- Born: June 26, 1904 Eau Claire, Wisconsin, U.S.
- Died: April 25, 1963 (aged 58) Nashville, Tennessee, U.S.
- Occupation: Businessman
- Spouse: Hortense Bigelow
- Children: E. Bronson Ingram II Frederic B. Ingram Alice Hooker
- Parent(s): Erskine B. Ingram Harriet Coggshall
- Relatives: Orrin Henry Ingram (paternal grandfather) Julius Ingram (paternal great-uncle) Martha Rivers Ingram (daughter-in-law) Ingrid Goude (daughter-in-law) Orrin H. Ingram II

= Orrin Henry Ingram Sr. =

American businessman (1904–1963)

Orrin Henry Ingram Sr. (June 26, 1904 – April 25, 1963) was an American heir and businessman.

==Early life==
Orrin Henry Ingram Sr. was born on June 26, 1904, in Eau Claire, Wisconsin.
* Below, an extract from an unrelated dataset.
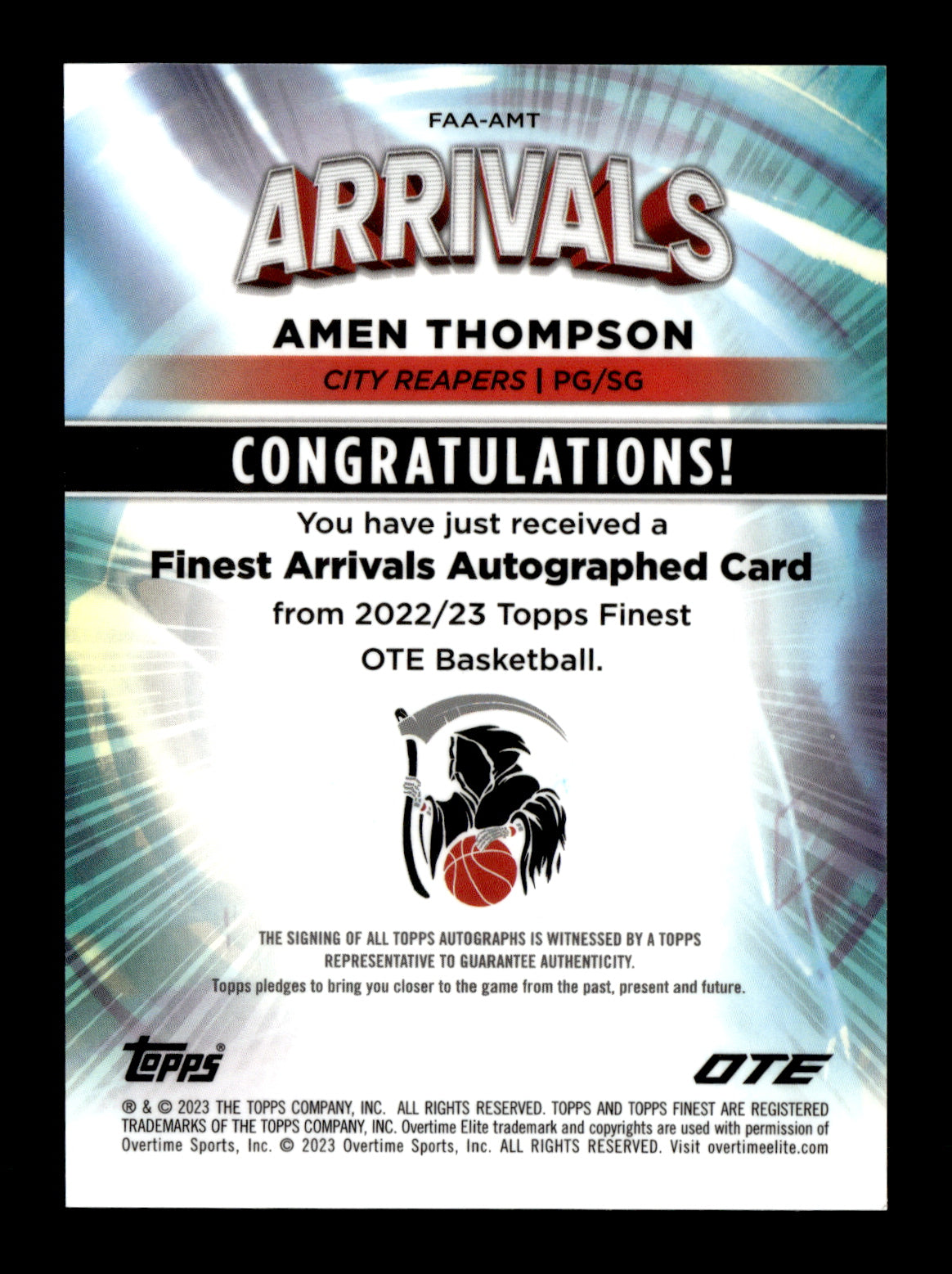 2022-23 Finest Overtime Elite Amen Thompson #FAA-AMT Topps Finest Arrivals Autographs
His father, Erskine B. Ingram, was a lumber heir. His mother was Harriet Coggshall. His parents were members of the Congregational Church.

His paternal grandfather three times removed, David Ingram, had immigrated from Leeds, England, in 1780. His paternal grandfather, Orrin Henry Ingram, was a lumber baron in Wisconsin. His great-uncle, Julius Ingram, was a member of the Wisconsin State Assembly.

==Career==
In 1928, Ingram ran a textile firm in Tennessee owned by his wife's family. He relocated it to Nashville, Tennessee. By 1937, at the time of the textile strike, he sold half his investment and acquired Wood River Oil and Refining, an oil company based in St. Louis, Missouri.

He was the owner of Ingram Oil & Refining, a chain of 240 gas stations headquartered in Meraux, Louisiana, just outside New Orleans. In 1961, he sold the company to Murphy Oil.

==Philanthropy==
Ingram served as the Vice President of the Board of Trust of Vanderbilt University in Nashville from 1952 to 1963.

==Personal life==
Ingram married Hortense Bigelow, the daughter of the president of the St. Paul Fire and Marine Insurance Co. (later known as The Travelers Companies). They resided in White Bear Lake, Minnesota, Hobe Sound, Florida, and Nashville, Tennessee. They had two sons, E. Bronson Ingram II and Frederic B. Ingram, and a daughter, Alice, who married Henry William Hooker.

==Death and legacy==
He died of a heart attack on April 25, 1963, in Nashville, Tennessee. He was buried at Mount Olivet Cemetery in Nashville.

The Hank Ingram House on the campus of Vanderbilt University was named in his honor in 2006.